== Aim of the task ==
All lines below starting at the one that holds "تلویزیون 49 اینچ ایکس ویژن به همراه میز" and ending at the one that holds "Rubel-Banknote und ukrainischer" should be printed exactly, ends included. Pictures should not be printed, nor anything else.

Segment Start: Data shown

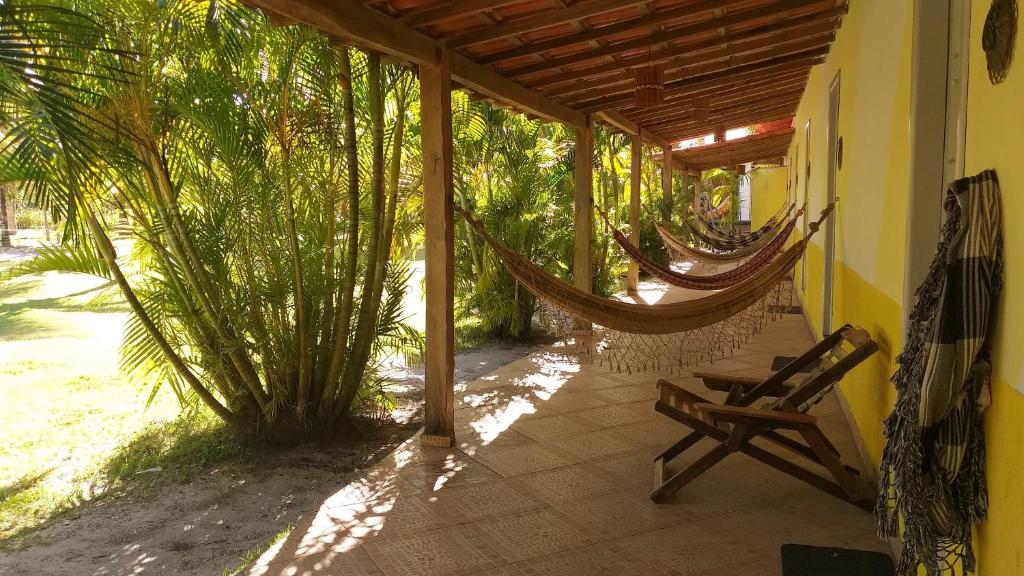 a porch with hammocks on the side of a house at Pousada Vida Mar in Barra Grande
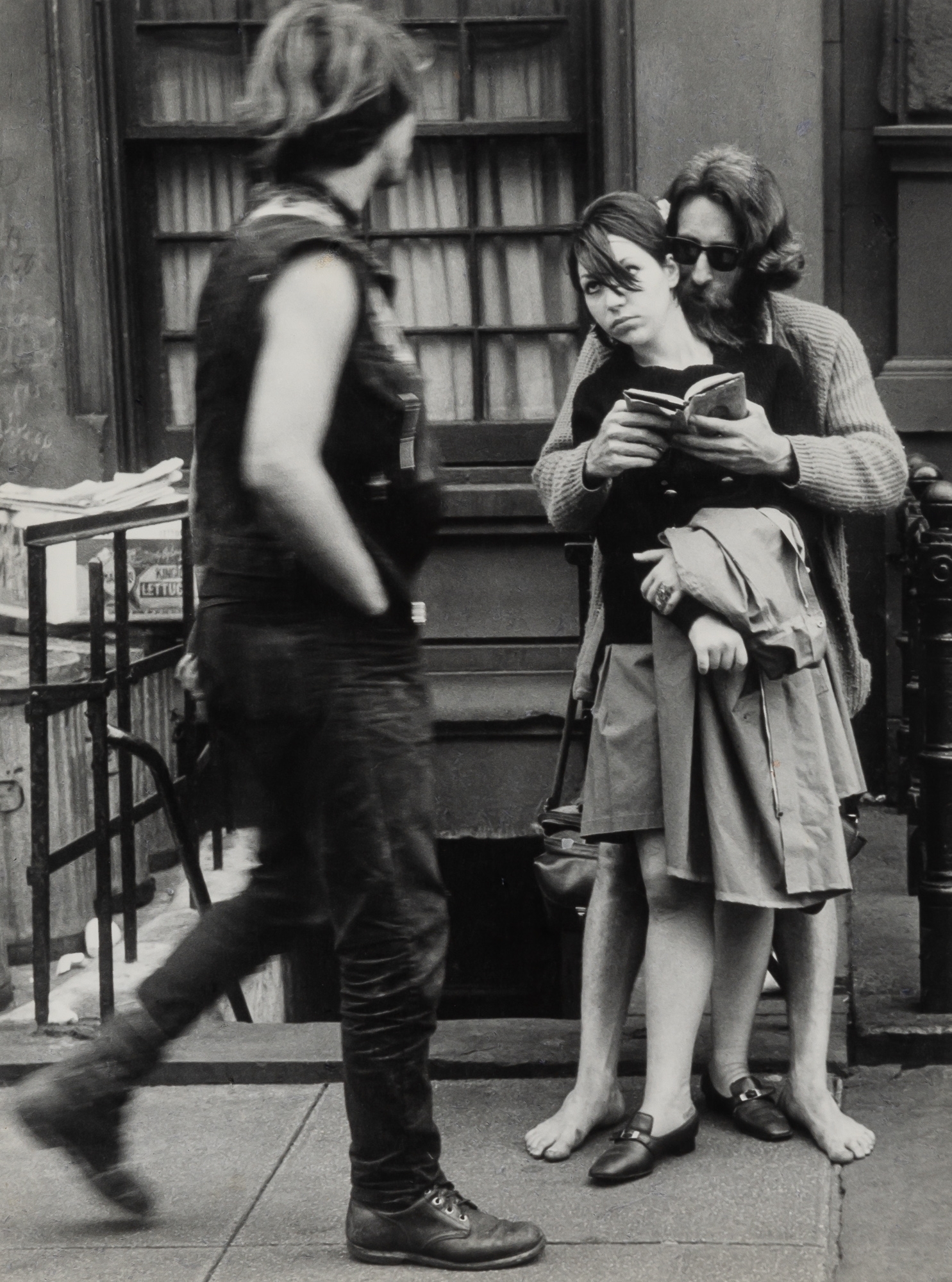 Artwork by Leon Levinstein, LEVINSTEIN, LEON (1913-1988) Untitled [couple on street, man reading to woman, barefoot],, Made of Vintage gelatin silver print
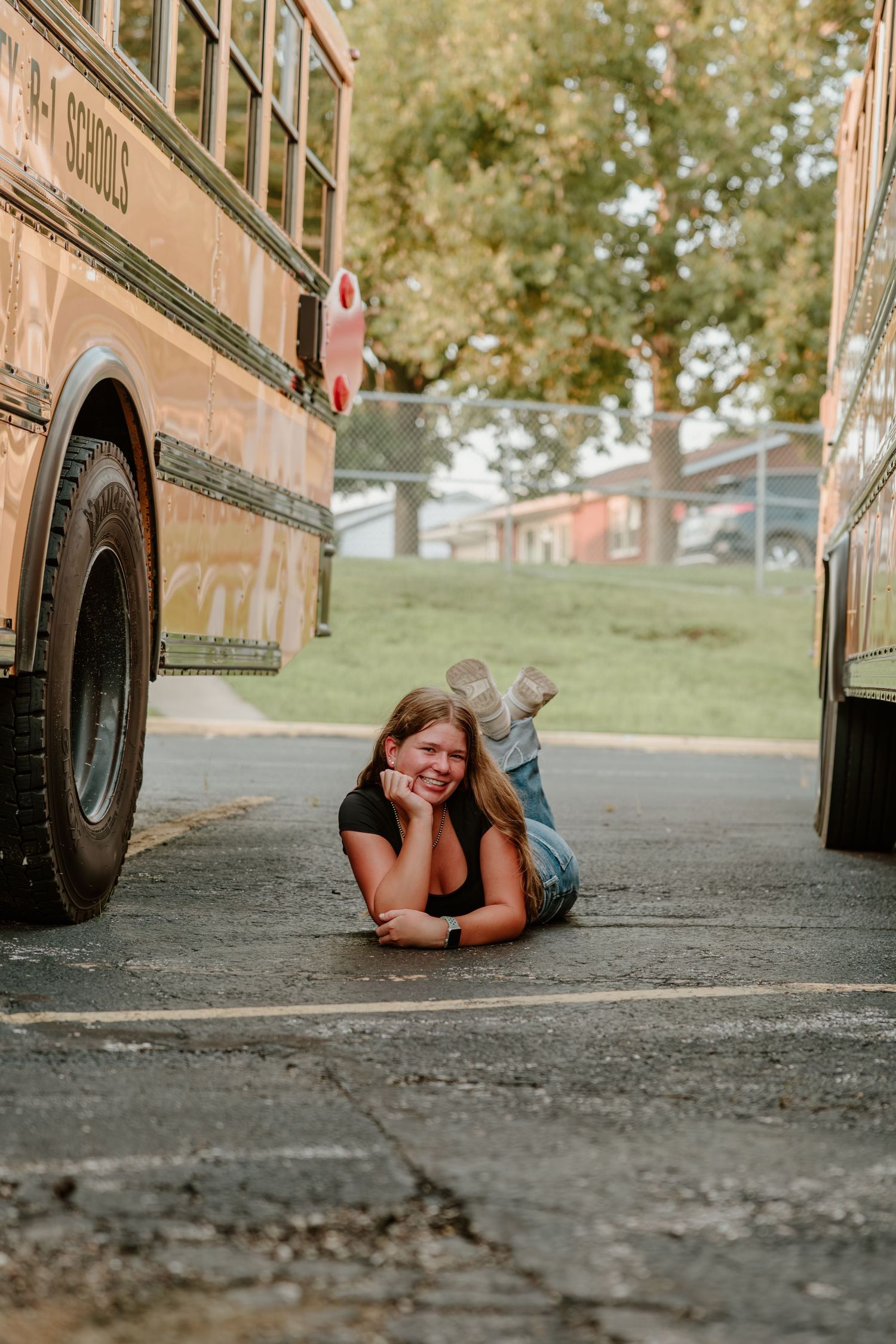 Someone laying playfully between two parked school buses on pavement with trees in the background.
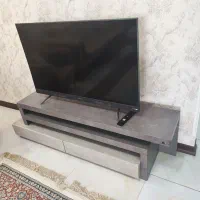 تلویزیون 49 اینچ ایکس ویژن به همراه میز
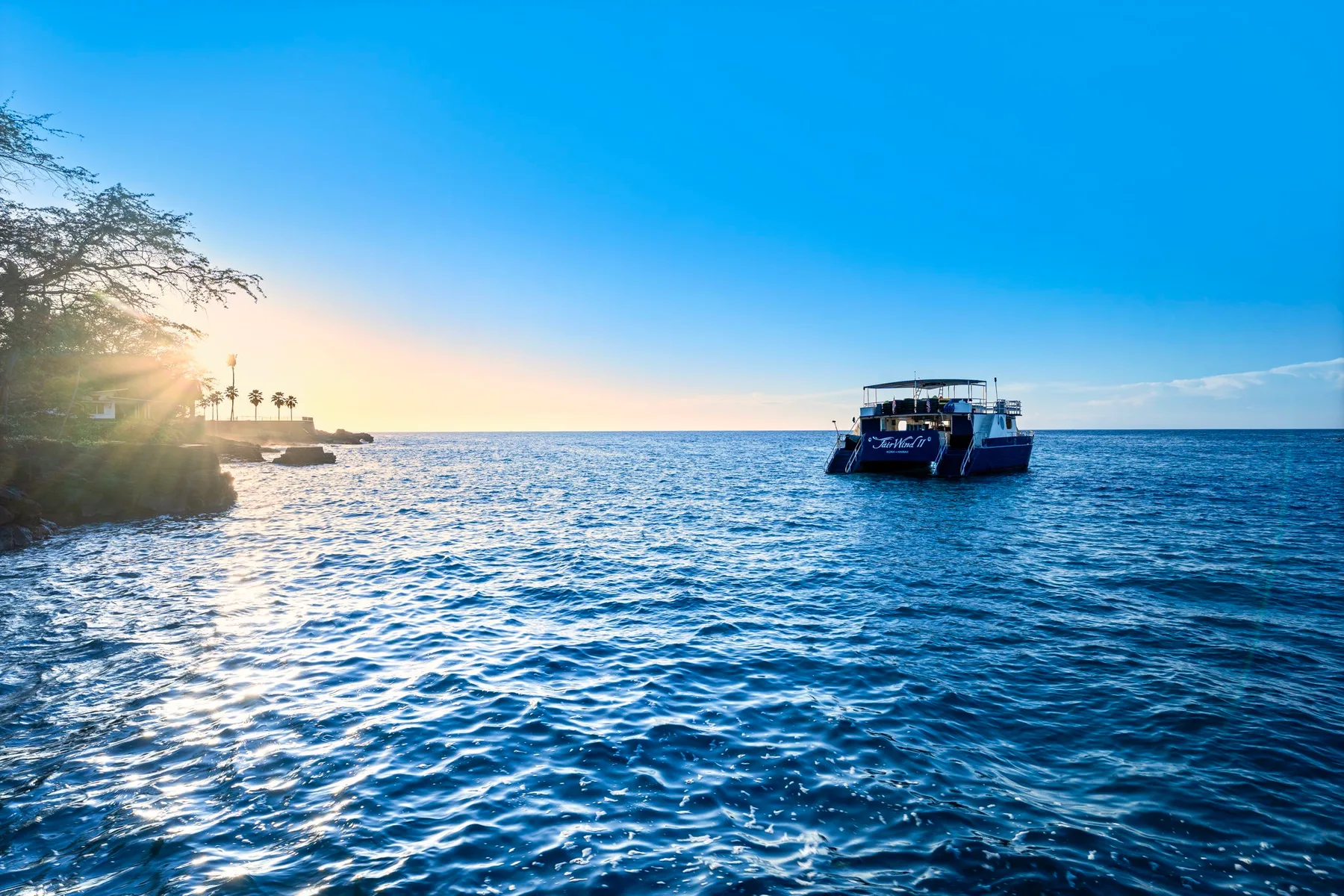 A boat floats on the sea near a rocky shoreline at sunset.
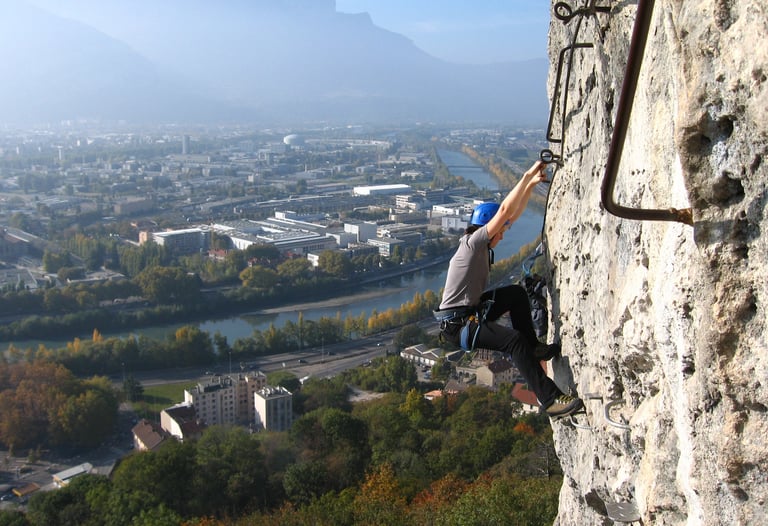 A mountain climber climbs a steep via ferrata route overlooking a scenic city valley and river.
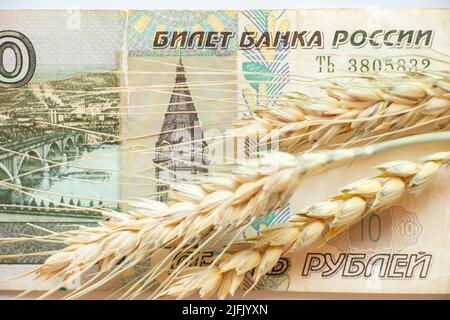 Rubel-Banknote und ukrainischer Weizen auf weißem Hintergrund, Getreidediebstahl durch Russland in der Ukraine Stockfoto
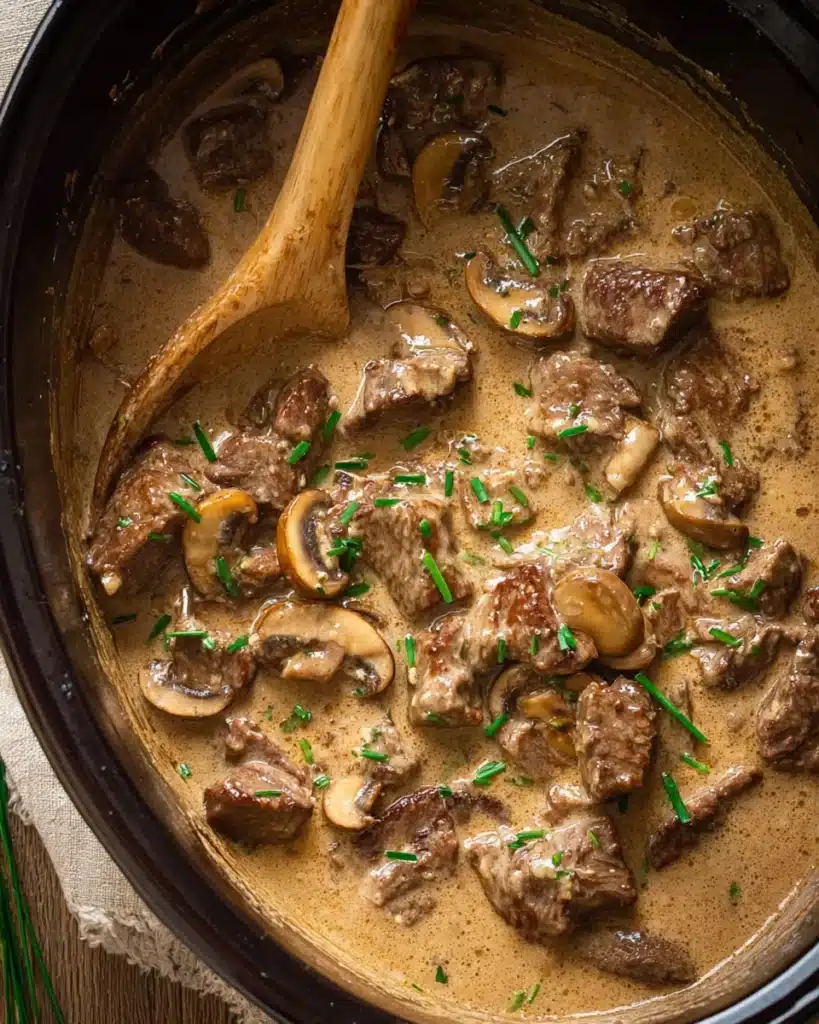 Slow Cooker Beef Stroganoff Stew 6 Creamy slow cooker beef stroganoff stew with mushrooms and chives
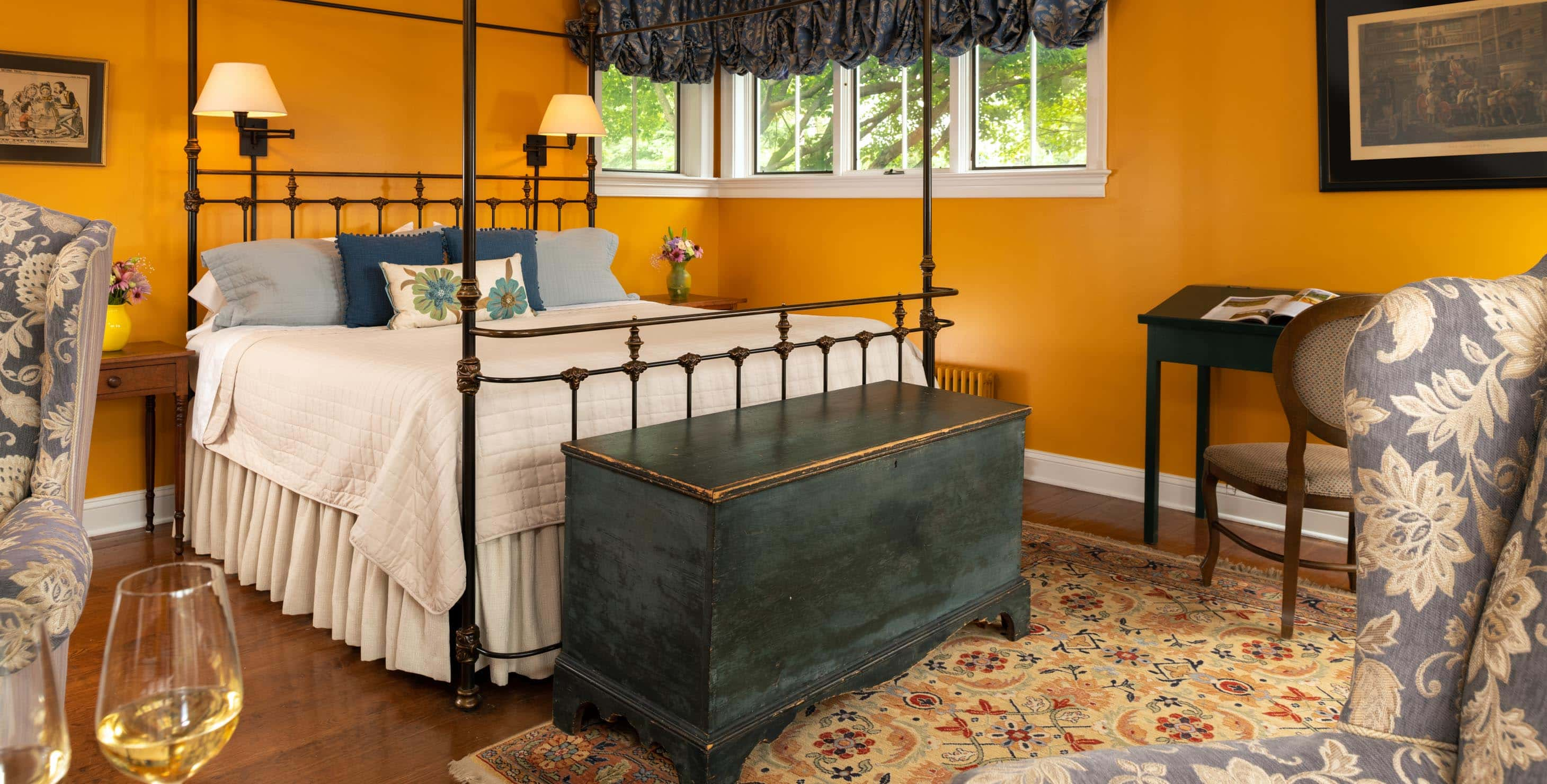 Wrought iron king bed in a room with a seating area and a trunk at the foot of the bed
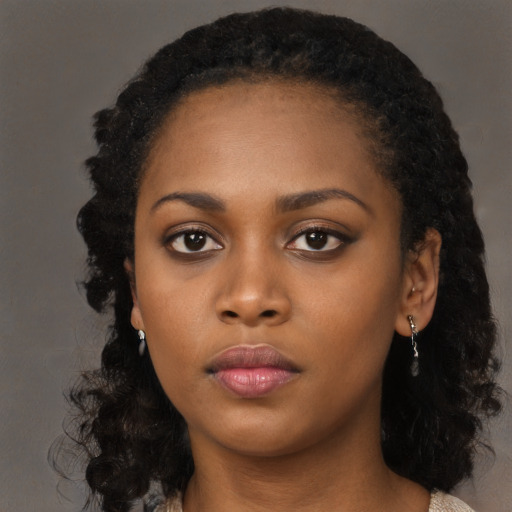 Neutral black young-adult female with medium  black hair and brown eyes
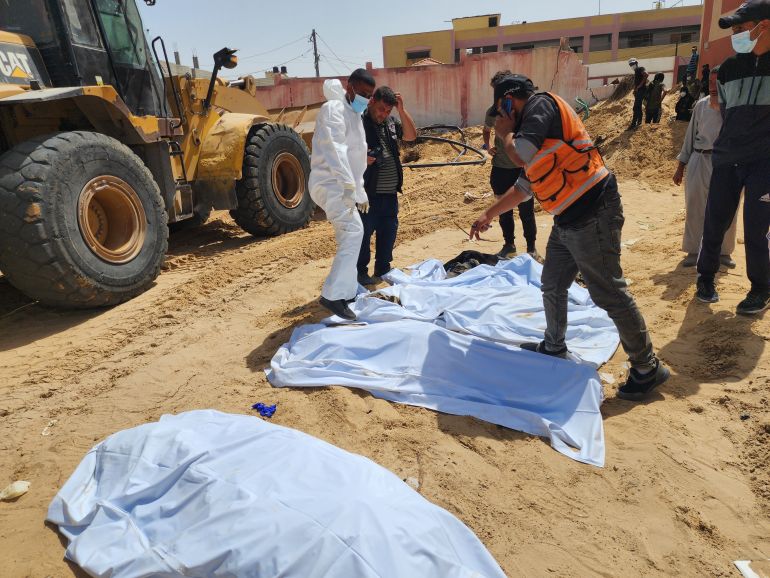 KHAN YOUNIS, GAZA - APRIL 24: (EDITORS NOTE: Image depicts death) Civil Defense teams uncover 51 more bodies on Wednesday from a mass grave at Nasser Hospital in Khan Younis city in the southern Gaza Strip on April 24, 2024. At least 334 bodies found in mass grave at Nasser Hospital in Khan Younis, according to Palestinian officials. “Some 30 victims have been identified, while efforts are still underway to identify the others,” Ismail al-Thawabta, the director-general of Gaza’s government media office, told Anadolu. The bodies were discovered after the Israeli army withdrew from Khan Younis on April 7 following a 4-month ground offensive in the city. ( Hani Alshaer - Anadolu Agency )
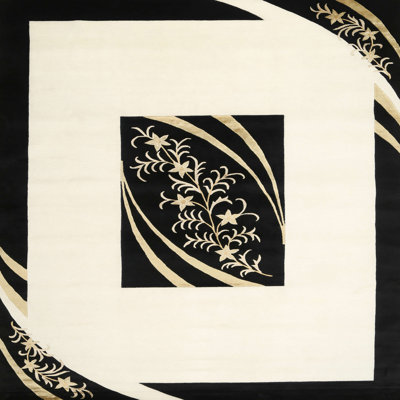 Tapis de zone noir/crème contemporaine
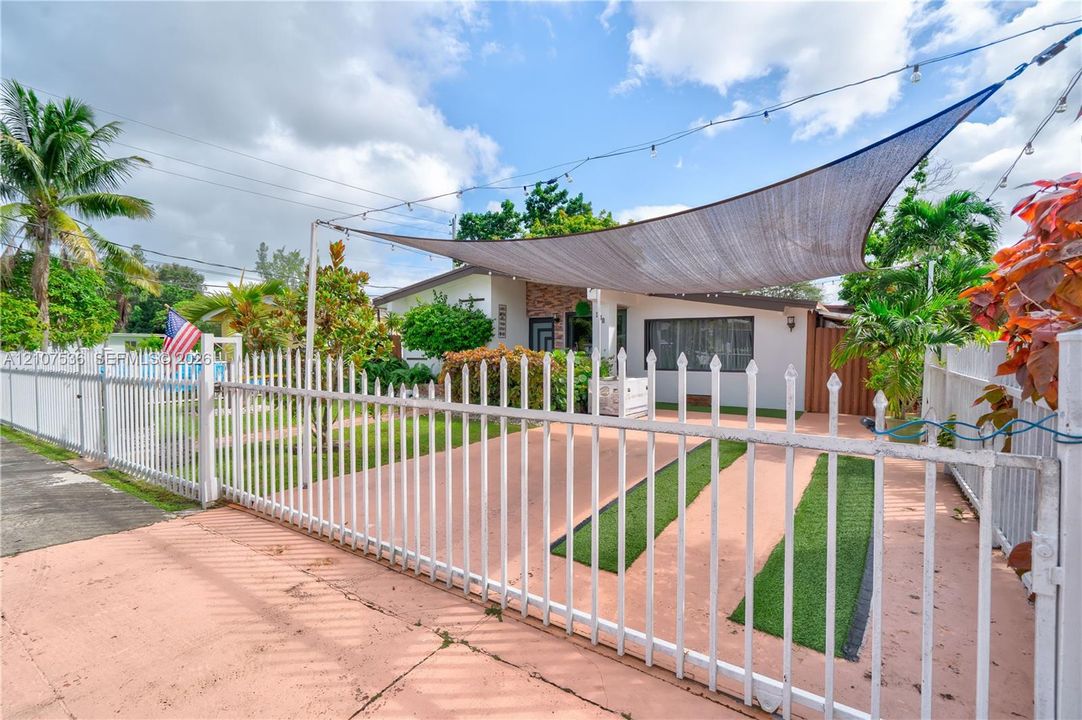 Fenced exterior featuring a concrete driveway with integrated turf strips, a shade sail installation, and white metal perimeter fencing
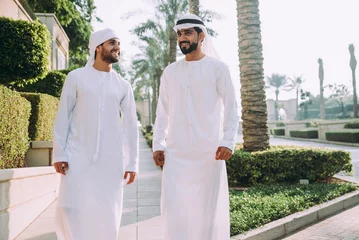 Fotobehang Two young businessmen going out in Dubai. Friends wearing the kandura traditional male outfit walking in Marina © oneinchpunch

Segment End: Data shown

== Exercise answer ==
 تلویزیون 49 اینچ ایکس ویژن به همراه میز
 A boat floats on the sea near a rocky shoreline at sunset.
 A mountain climber climbs a steep via ferrata route overlooking a scenic city valley and river.
 Rubel-Banknote und ukrainischer Weizen auf weißem Hintergrund, Getreidediebstahl durch Russland in der Ukraine Stockfoto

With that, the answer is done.